Temple ISD uses iPads to introduce students in kindergarten and first grade to technology. Chromebooks are provided to third through eighth graders, while high school students get their own Chromebook. When seniors graduate, they get to keep their device.
A G Suite for Education district since 2012, all K-12 students have access to email and other communication and collaboration products from Google. From day one, Temple ISD has relied on Gaggle Safety Management for G Suite, which identifies harmful situations in Gmail, Google Docs, Slides, Google Drive and Sheets. Temple ISD also was one of the first districts to have its Emergency Contacts receive text messages from the Gaggle Safety Team.
Jessica Mays is the district’s Instructional Technology Specialist at Temple High School. She’s one of three Emergency Contacts and doesn’t hesitate to admit that Gaggle Safety Management has become an integral part of the district’s edtech efforts. “It puts the people into technology,” she said. “Gaggle has helped us learn more about our student population and realize that no matter how great the technology initiative and how many resources we might have, it’s all about students’ success and keeping them safe.”
Temple ISD’s student population includes high rates of generational poverty, which leads to some challenges when it comes to communicating the district’s technology plans to parents. Parent nights introduce the entire school community to technology initiatives as well as the district’s content filters and Gaggle Safety Management.
“You can see the relief on parents’ faces,” Luann said. “It’s great assurance to them that we’re taking care of their kids not only during the school day but when they take technology home.”

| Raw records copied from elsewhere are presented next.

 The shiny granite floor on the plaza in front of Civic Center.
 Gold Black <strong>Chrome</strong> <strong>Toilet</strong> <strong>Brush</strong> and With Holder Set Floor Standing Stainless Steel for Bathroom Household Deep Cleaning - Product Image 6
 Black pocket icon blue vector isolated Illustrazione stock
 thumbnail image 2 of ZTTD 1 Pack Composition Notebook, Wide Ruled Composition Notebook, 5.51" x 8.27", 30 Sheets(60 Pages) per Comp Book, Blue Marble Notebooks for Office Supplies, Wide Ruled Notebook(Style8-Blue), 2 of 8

Jessica goes into each parent night taking nothing for granted. “The main focus of our work is to talk about student safety and how we focus on making sure that their children are protected,” she said. “Our community expects it. Some of our older generations might only be familiar with Dateline stories because they only see the horrors of the Internet on television and don’t know that it can hit home.”

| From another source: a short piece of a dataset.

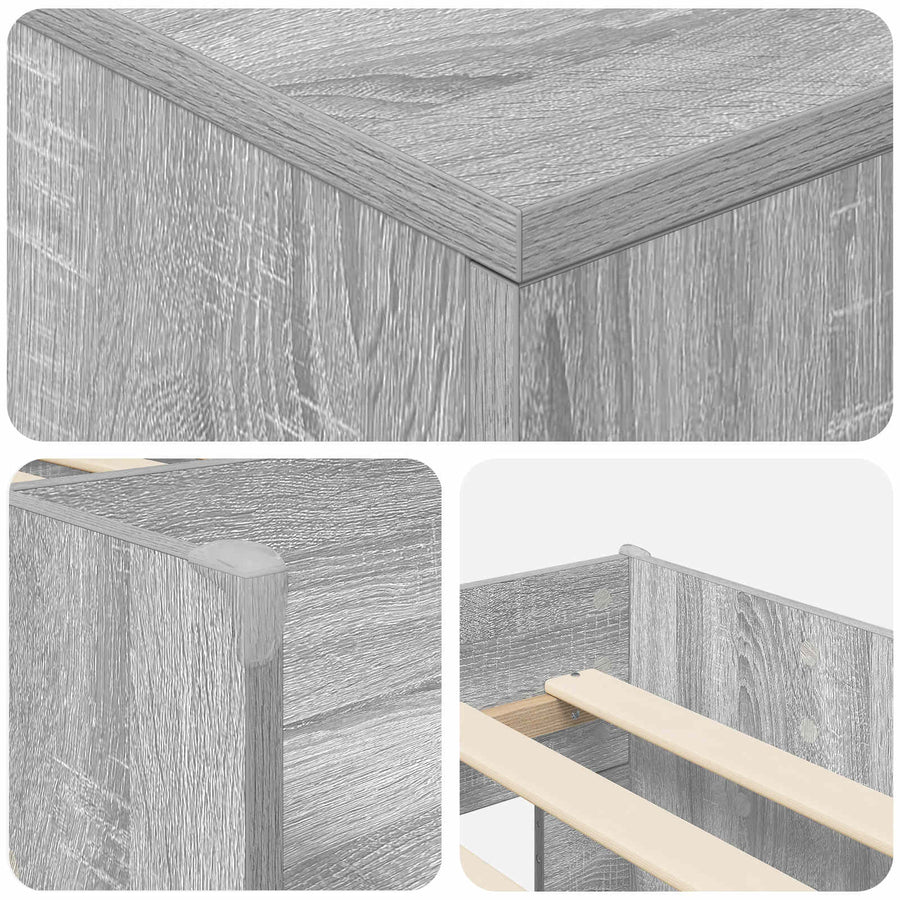 Loft Bed Frame met Kast 3 st Grijs Sonoma Bewerkt hout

After Luann, Jessica or Thomas Nichols, Instructional Technology Specialist for Temple’s middle schools, receive Gaggle notifications, they work directly with counselors and assistant principals based on the nature of the incident. If there’s suspected criminal activity, they turn to a school resource officer. “I thought we might have some pushback because of extra work,” recalled Luann. “Their response has been very positive. Our [staff] absolutely want to help kids. And in some cases, it helped provide some insight that we might not have had.”

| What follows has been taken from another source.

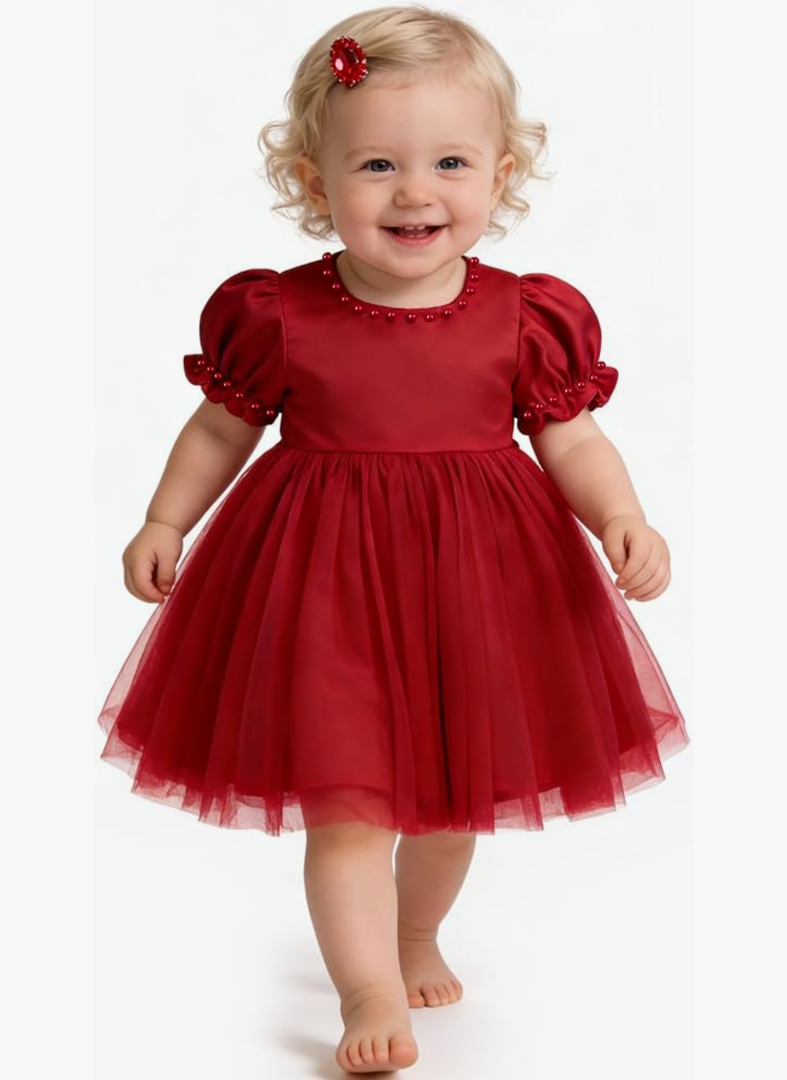 Toddler Baby Girls Flower Dress Satin Princess Birthday Tulle Gown Pageant Party Wedding Guest Formal Dresses 12-18M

The focus has always been on creating teachable moments. Luann and her team have developed a unique system of questions for administrators to go through when they’re talking with students about inappropriate behavior. “We want to educate them on why something they said or did might not have been the best choice, what should be done in place of it, and what to do when you realize you’ve made a bad choice,” said Jessica.
A digital leadership team of students stays on top of current trends and even gains insight into some of the incidents discovered by Gaggle Safety Management. They also help create public service announcements and lessons for their peers.
Luann and her team cherish these and other connections they’ve made with the student body. They’re often able to identify struggling students who are ultimately more successful inside and outside of school. “Gaggle has become the single most important piece of our technology initiative,” said Jessica. “Without Gaggle in place, I would not feel comfortable doing my job. I’d just be doing a bunch of button-clicking.”
With the passage of David’s Law in Texas, student online safety concerns continue to be in the forefront. “We’ve created a very safe environment for our students,” said Luann. “I hear too often other districts talk about not giving students access to email or that they create walled gardens and don’t allow communication outside their campuses. I don’t have to worry about it. If something is inappropriate, Gaggle is going to catch it.”